• Material shown
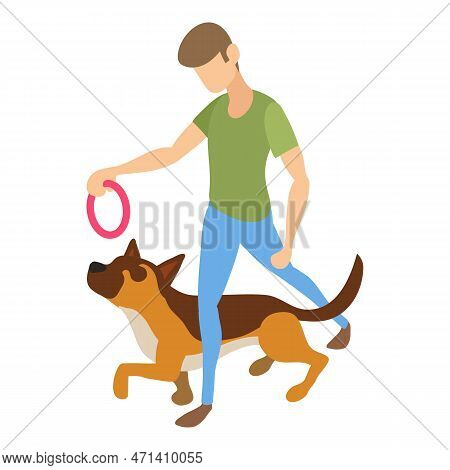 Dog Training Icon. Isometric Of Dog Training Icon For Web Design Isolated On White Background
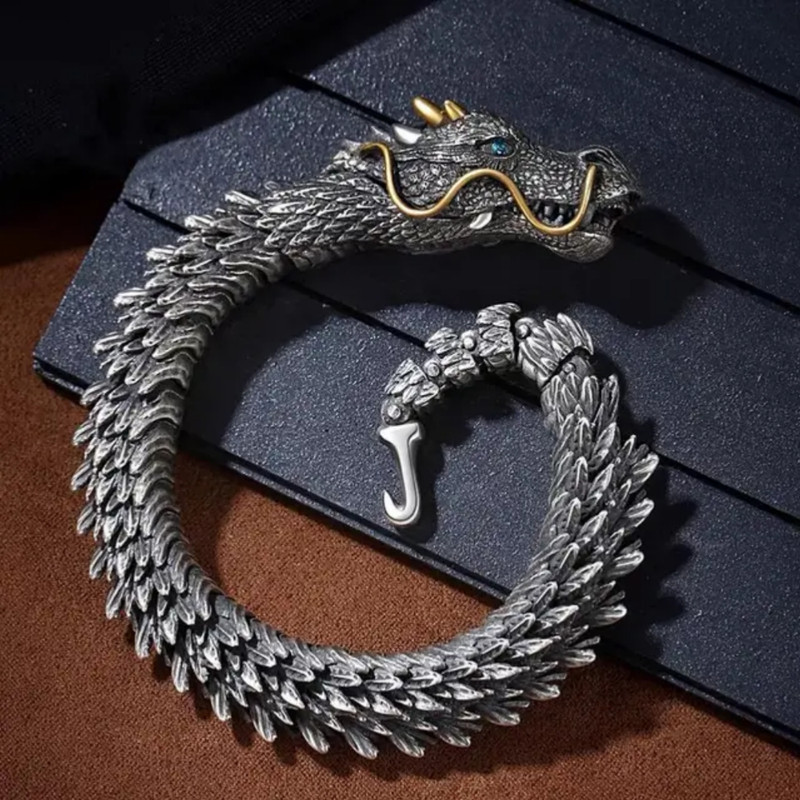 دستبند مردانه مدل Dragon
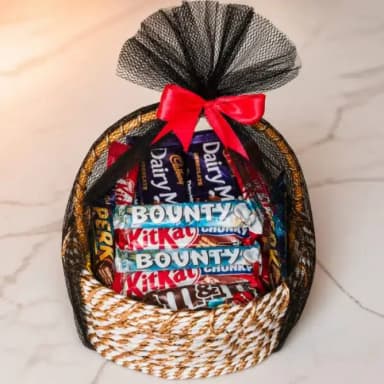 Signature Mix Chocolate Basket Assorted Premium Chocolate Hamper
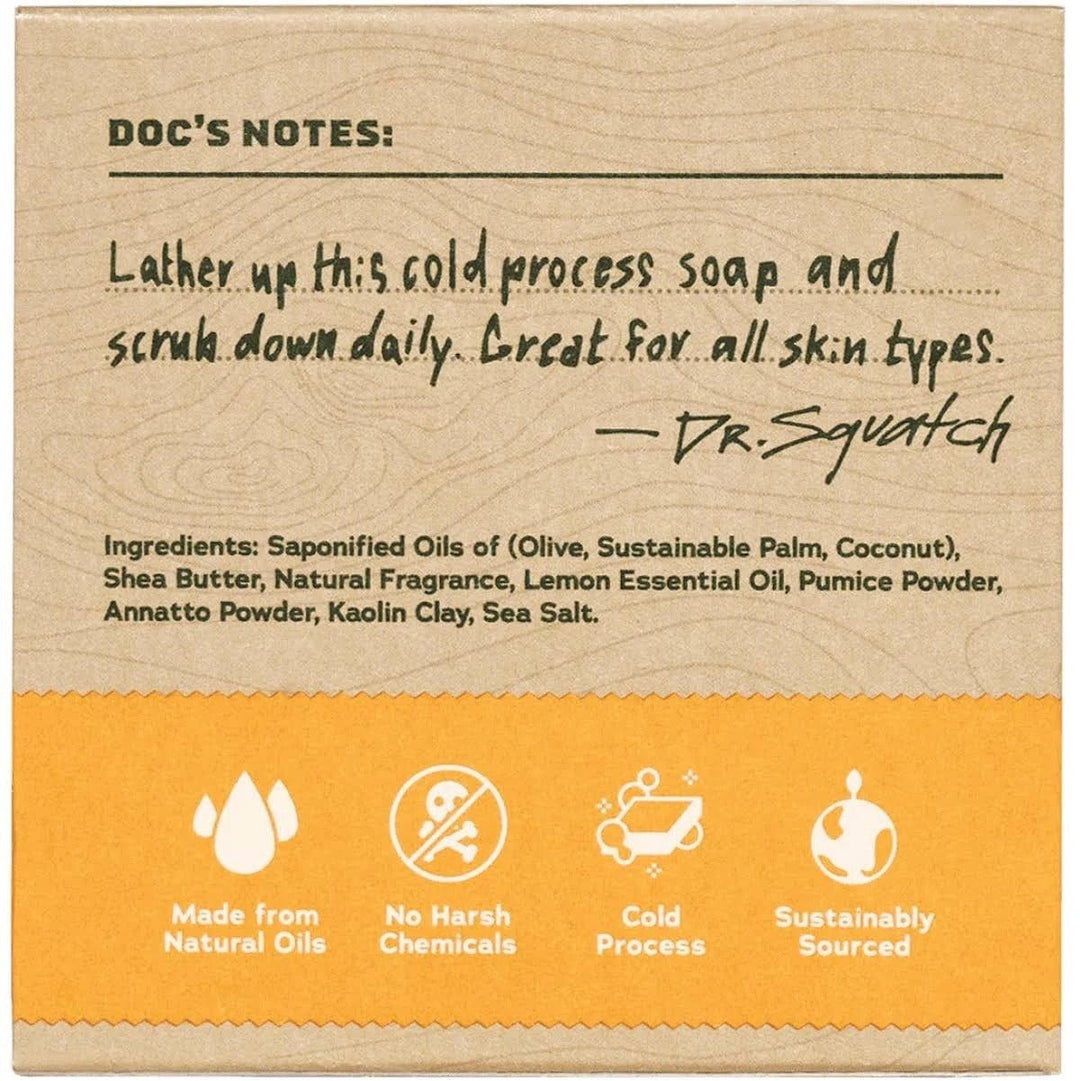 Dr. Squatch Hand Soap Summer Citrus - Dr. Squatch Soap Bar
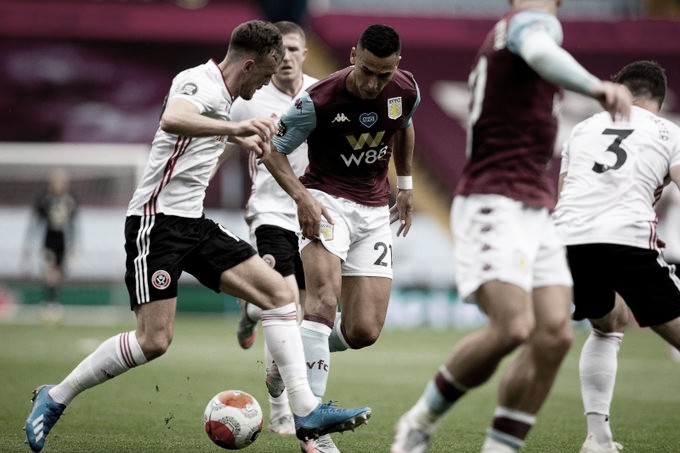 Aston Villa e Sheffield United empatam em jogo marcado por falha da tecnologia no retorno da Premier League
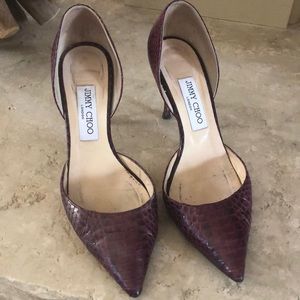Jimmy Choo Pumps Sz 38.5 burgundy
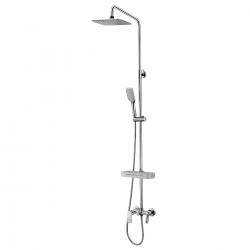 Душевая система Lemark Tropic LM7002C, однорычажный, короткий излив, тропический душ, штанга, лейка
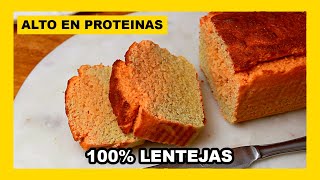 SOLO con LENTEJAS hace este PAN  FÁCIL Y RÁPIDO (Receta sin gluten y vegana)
---
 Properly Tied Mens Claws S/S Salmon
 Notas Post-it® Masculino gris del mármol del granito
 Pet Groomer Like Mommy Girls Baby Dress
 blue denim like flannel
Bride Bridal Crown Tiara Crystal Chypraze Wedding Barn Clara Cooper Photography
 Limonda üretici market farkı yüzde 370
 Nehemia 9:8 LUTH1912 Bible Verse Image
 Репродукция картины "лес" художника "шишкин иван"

• What the exercise asks
Only the lines above from the one containing "Dog Training Icon." through the one containing "SOLO con LENTEJAS" should be returned, verbatim and inclusive, with pictures excluded.

• The completed task
 Dog Training Icon. Isometric Of Dog Training Icon For Web Design Isolated On White Background
 دستبند مردانه مدل Dragon
 Signature Mix Chocolate Basket Assorted Premium Chocolate Hamper
 Dr. Squatch Hand Soap Summer Citrus - Dr. Squatch Soap Bar
 Aston Villa e Sheffield United empatam em jogo marcado por falha da tecnologia no retorno da Premier League
Jimmy Choo Pumps Sz 38.5 burgundy
 Душевая система Lemark Tropic LM7002C, однорычажный, короткий излив, тропический душ, штанга, лейка
 SOLO con LENTEJAS hace este PAN  FÁCIL Y RÁPIDO (Receta sin gluten y vegana)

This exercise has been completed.